MANGGAR, BABEL NEWS - Dinas Perindustrian dan Perdagangan (Disperindag) Kabupaten Belitung Timur, Kepulauan Bangka Belitung, menyebutkan, sepinya aktivitas di Pasar Lipat Kajang Manggar beberapa minggu terakhir adalah bagian dari fenomena musiman yang kerap berulang.
Kondisi ini dipicu oleh faktor alam yang secara langsung memengaruhi gairah belanja warga setempat.

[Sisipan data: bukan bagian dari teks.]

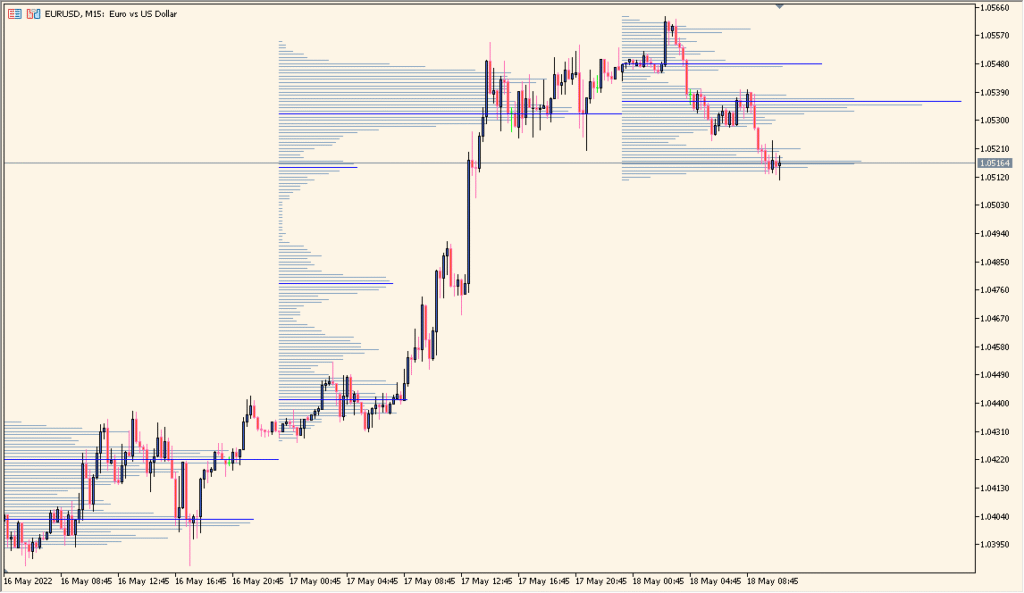 vp-v6-a-flexible-volume-profile-for-intraday-structure-analysis chart overview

Kepala Disperindag Beltim Harli Agusta mengatakan, dari segi pengawasan daerah, pihaknya terus menerima laporan berkala mengenai pasar dari unit pelaksana teknis (UPT) pasar terkait fasilitas, pasokan, hingga pergerakan harga komoditas.
Menurut Harli, salah satu pemicu yang membuat Pasar Lipat Kajang terasa lengang dalam satu hingga dua minggu belakangan adalah hantaman musim angin selatan di perairan Manggar.
Dia menyebut angin kencang memaksa para nelayan lokal untuk menyandarkan kapal sehingga pasokan di area lapak ikan di Pasar Lipat Kajang berkurang drastis.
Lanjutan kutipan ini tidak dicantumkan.